Das Waldheimer Rathaus als Handelsplatz für Rauschgift – darum ging es in einem Prozess am Amtsgericht Döbeln. Ein 21-Jährigen hat vor Jugendrichterin Marion Zöllner gestanden, in Waldheim überwiegend Haschisch und Marihuana für seine Kumpels gekauft zu haben. Einmal war auch etwas Crystal dabei. Das große Geld hat er damit aber nicht gemacht. Es ging auch nur um kleinere Mengen. Fünf Gramm Gras für 50 Euro waren da schon der größte Batzen.

„Er ist wie ein Trottel mit dem Geld losgerannt, bis er merkte, dass er ausgenutzt wurde“, sagte Rechtsanwältin Mandy Schützel, die den jungen Mann verteidigte. Dem musste Richterin Zöllner bei seinem Geständnis förmlich jedes Wort aus der Nase ziehen. Aber er räumte mehrere Drogenkäufe -und Verkäufe ein. Mit einem der Dealer traf er sich im mehrfach im Waldheimer Rathaus, um dort Marihuana und Haschisch von dem Mann zu kaufen. Der Stoff war für seine Kumpels bestimmt. Die Taten liegen alle sehr lange zurück. Der Waldheimer gab an, vor vier Jahren Leute kennengelernt zu haben, bei denen Drogen zu bekommen waren. „Wenn die was übrig hatten, haben die mir was abgegeben“, sagte er. Für sich will er den Stoff nicht gekauft haben, sondern für Leute, die ihn zuvor gefragt haben, ob er was beschaffen kann. „Ich habe von denen Geld eingesammelt und dann das Zeug geholt.“ Er habe dann von sich aus aufgehört, den Drogenkurier zu spielen, habe erkannt, dass ihm die Leute nicht guttun, mit denen er da abhängt.

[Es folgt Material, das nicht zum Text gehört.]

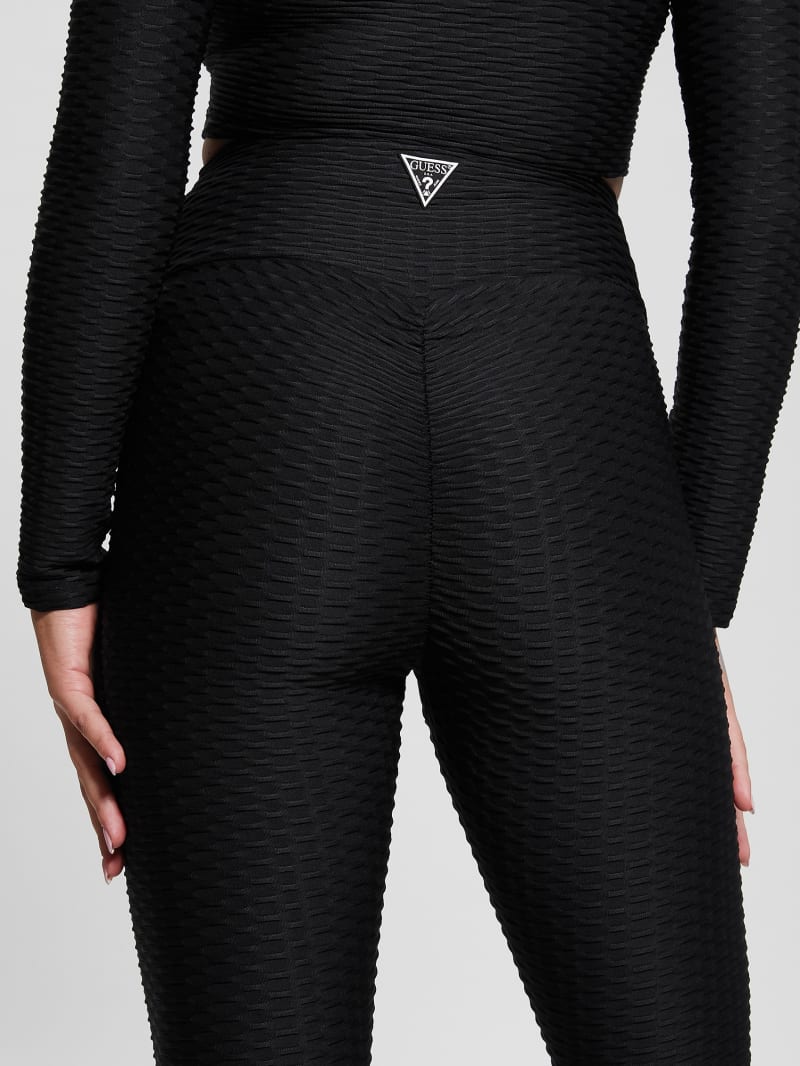 Guess Eco Delma Active Leggings - Black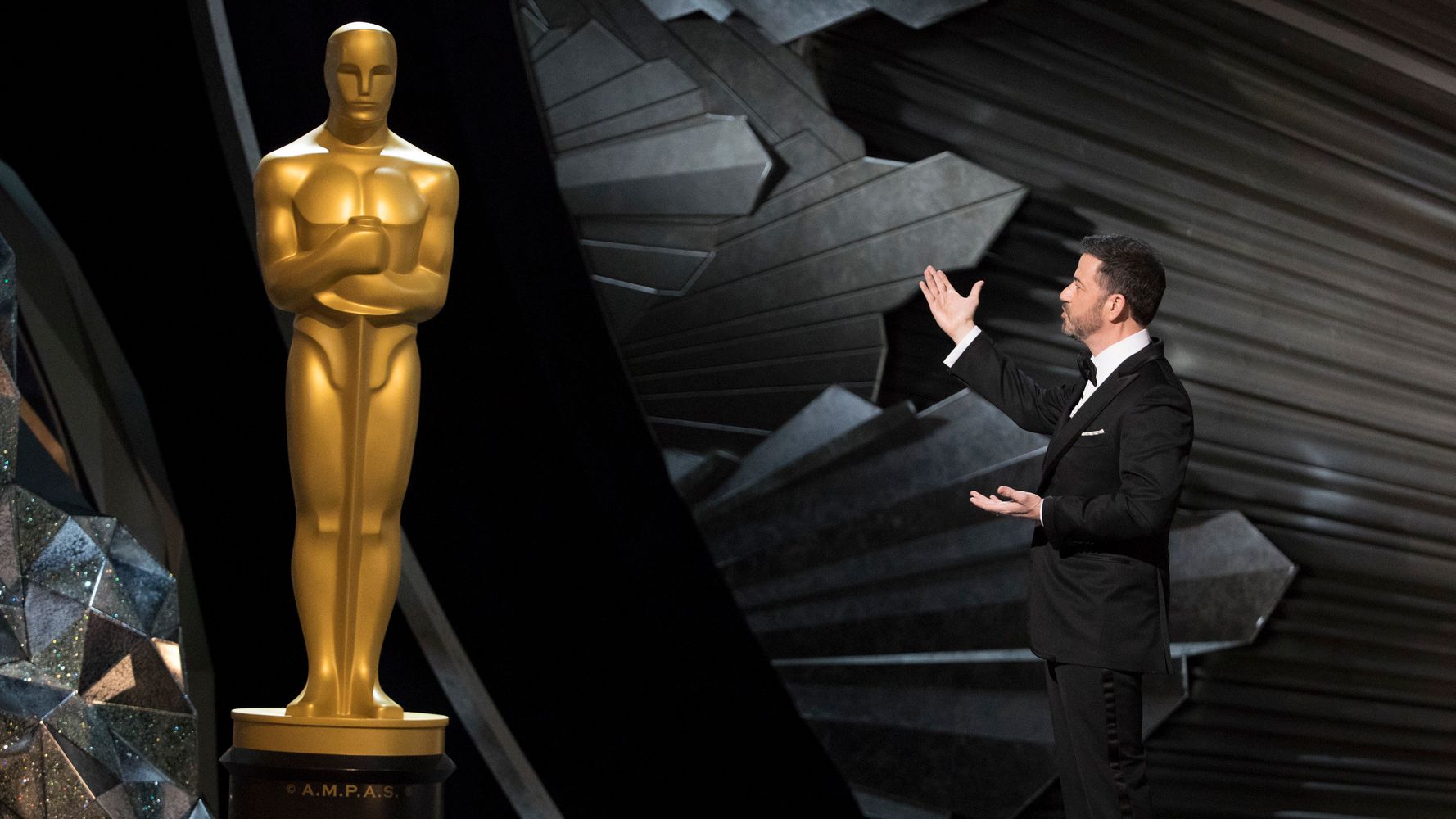 Academy Awards Viewership Hit A Record Low This Year HuffPost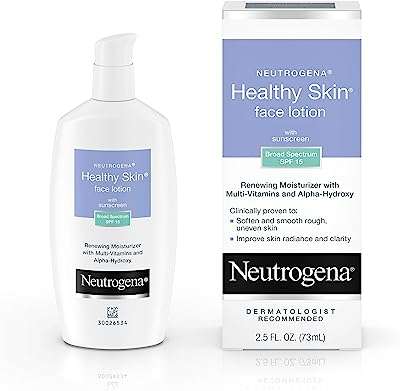Neutrogena healthy skin lotion hydratante spf 15 aha crème anti rides avec glycérine. DIAYTAR COTE D'IVOIRE, la boutique en ligne par excellence pour tous les amateurs de gadgets insolites et ludiques. Découvrez notre large sélection de produits à petit prix, parfaits pour surprendre et amuser votre entourage. De l'électronique à l'originalité débordante, laissez-vous tenter par nos gadgets innovants et créez la surprise en toutes occasions !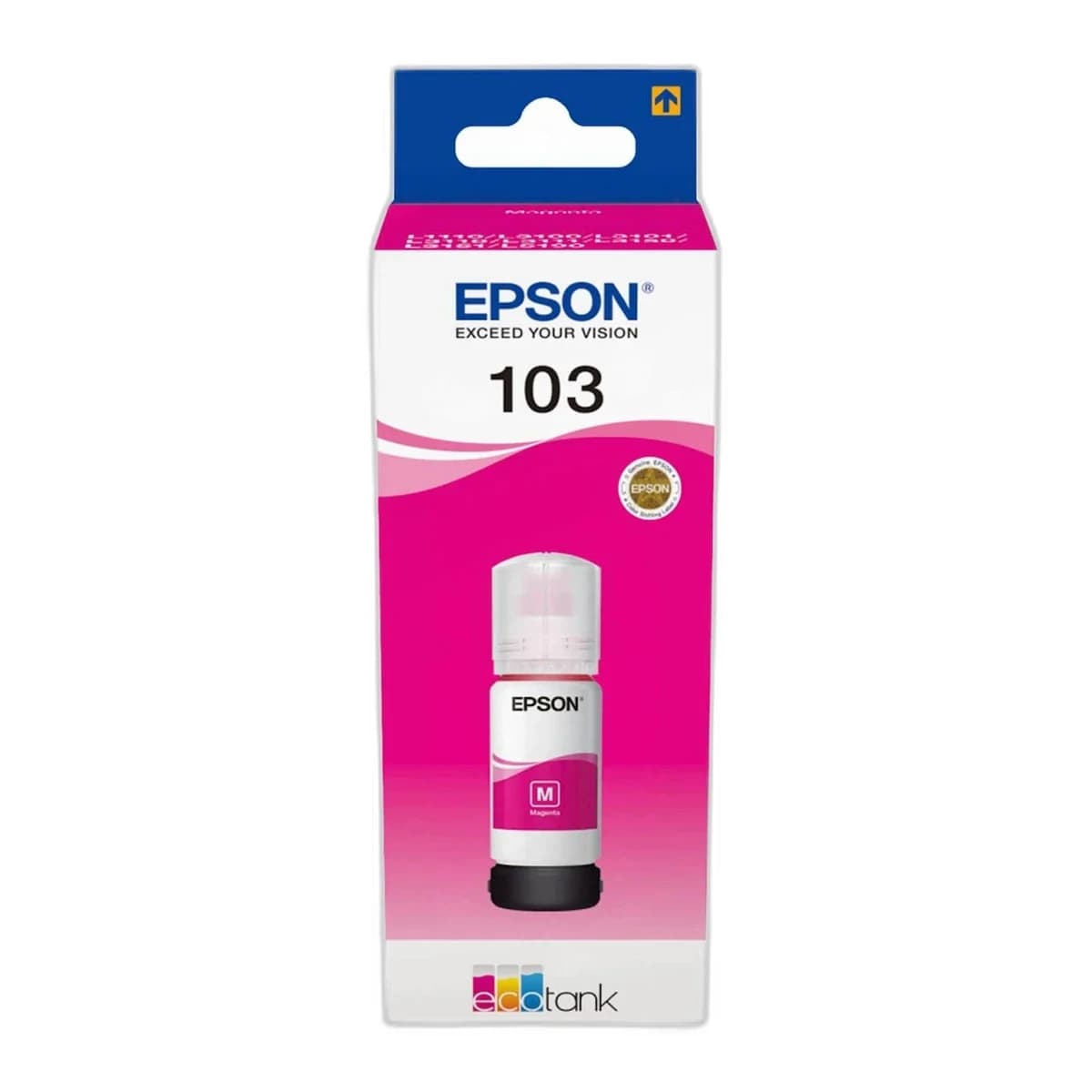 Tinta EPSON EcoTank 103 Magenta
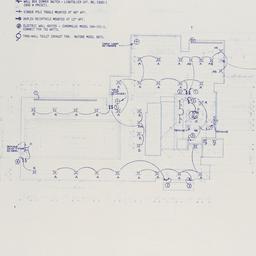 Working drawing #E-3: First...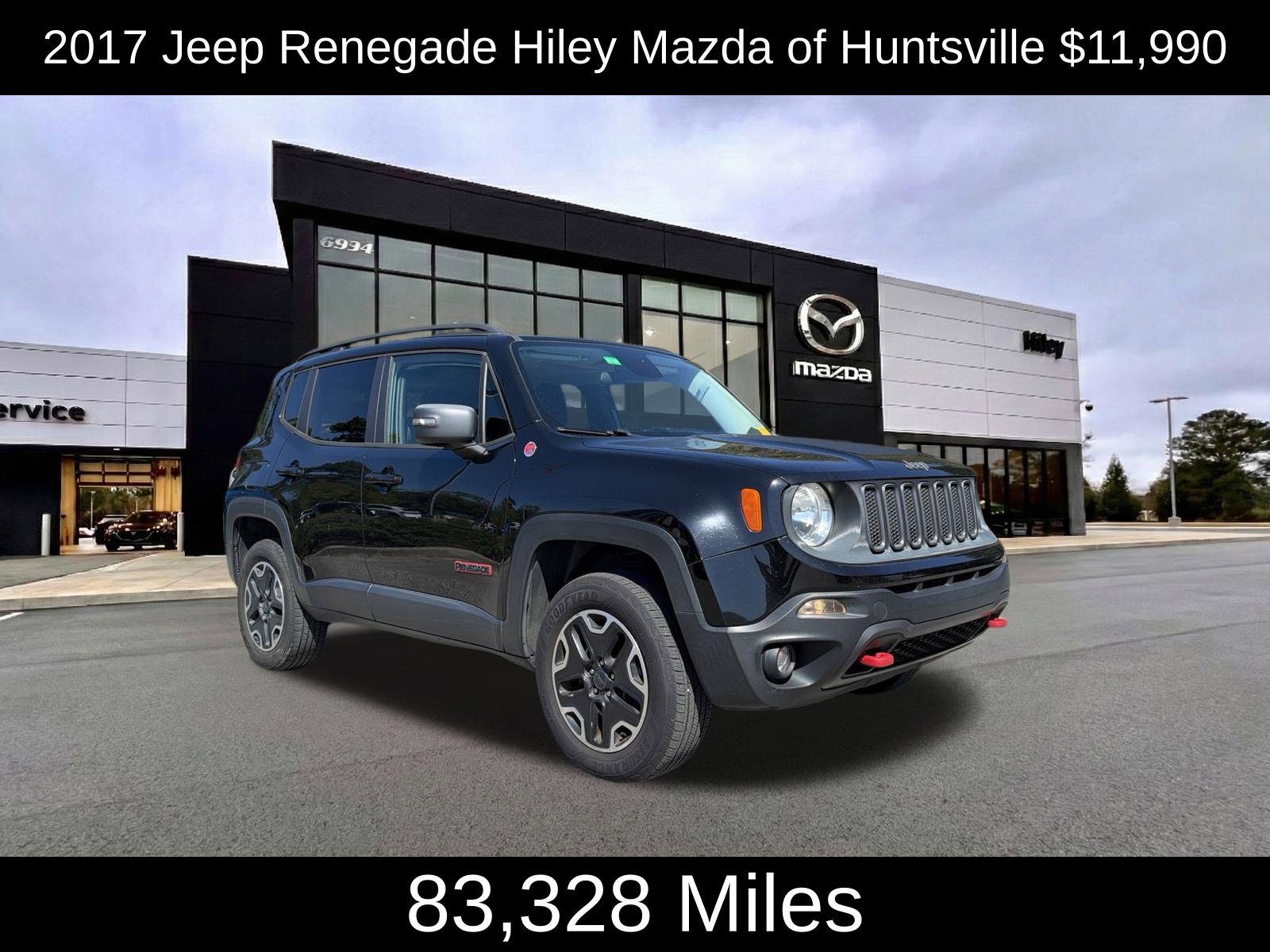 Used 2017 Jeep Renegade Trailhawk w/ Safety & Security Group AWD/4WD image 1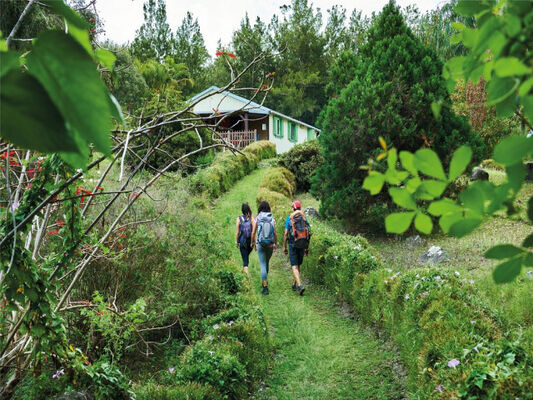 Gîte Auberge du Piton Cabri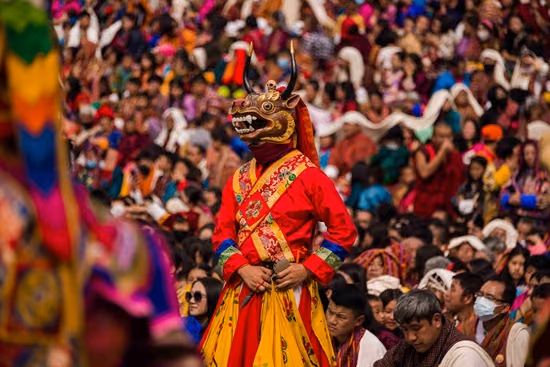Bhutan Festival Calendar 1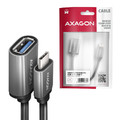 AXAGON Adapter Cable USB-C - USB-A 2m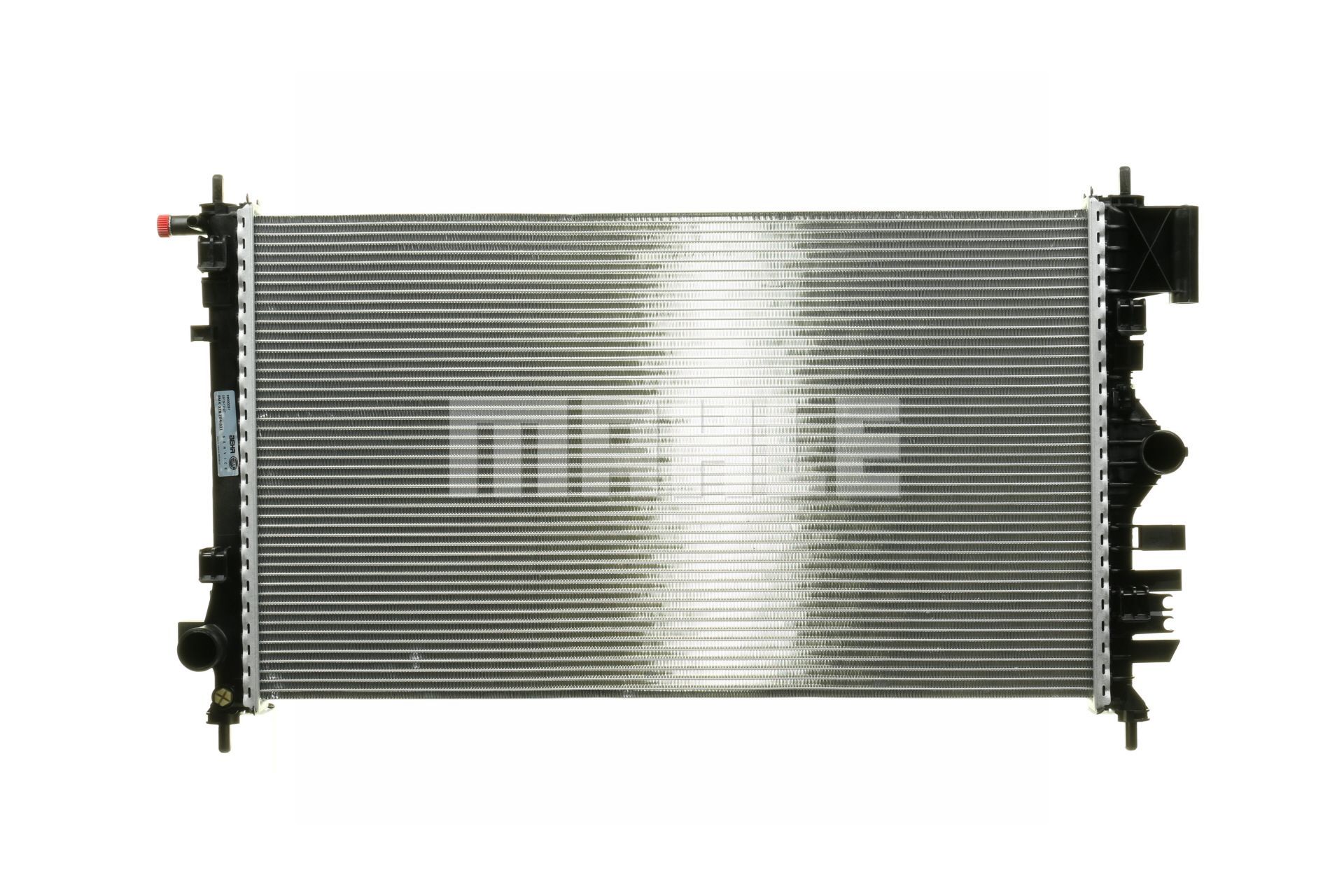 MAHLE ORIGINAL CR 1100 000P Chłodnica wody VAUXHALL Insignia Mk1 (A) Sedan (G09)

„Er hat Freunde gesucht und ist an die falschen Leute geraten. Es ging ihm darum, Kontakte zu knüpfen“, sagte Rechtsanwältin Schützel. Sie beantragte, ihren Mandanten zur Auflage zu verurteilen, 250 Euro an die Diakonie zu zahlen. Der Staatsanwalt hatte 750 Euro gefordert. Es wurden 800 Euro, die der junge Mann an die Diakonie zu zahlen hat, wo er bereits zur Suchtberatung geht. Arbeit hat er auch. „Die Taten liegen viele Jahre zurück. Er hat Reifesrückstände und stand einem Jugendlichen näher als einem Erwachsenen, weswegen zwingend Jugendstrafrecht angewendet werden muss“, sagte Richterin Zöllner, als sie das Urteil begründete. Die 800 Euro kann er in Raten abstottern. „Lassen Sie künftig die Hände von solchen Geschichten. Die Strafen für Erwachsene sind härter“, gab die Richterin dem 21-Jährigen als guten Rat mit auf den Weg. Ihr Urteil ist rechtskräftig.